→ **YOUR GOAL**: The pictures in the data below are to be omitted; all else must be duplicated exactly.

→ **DATA SECTION**:
┌──

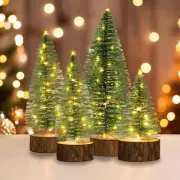 Xmas Tabletop Mini Christmas Tree LED Lights Home Tabletop Home Decor Tree 2024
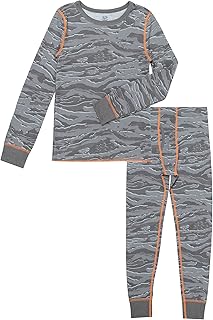 boys Mini Waffle Thermal Underwear Set Base Layer Set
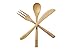 Akcook 12-Pieces Natural Wooden Flatware Set, Service for 4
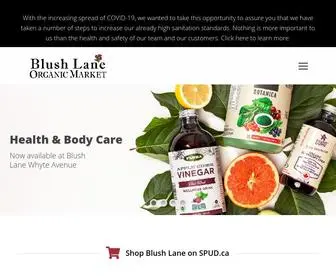 Blushlane.com(Blush Lane Organic Market) Screenshot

└──

→ **SOLUTION FOR THIS EXERCISE**:
 Xmas Tabletop Mini Christmas Tree LED Lights Home Tabletop Home Decor Tree 2024
 boys Mini Waffle Thermal Underwear Set Base Layer Set
 Akcook 12-Pieces Natural Wooden Flatware Set, Service for 4
 Blushlane.com(Blush Lane Organic Market) Screenshot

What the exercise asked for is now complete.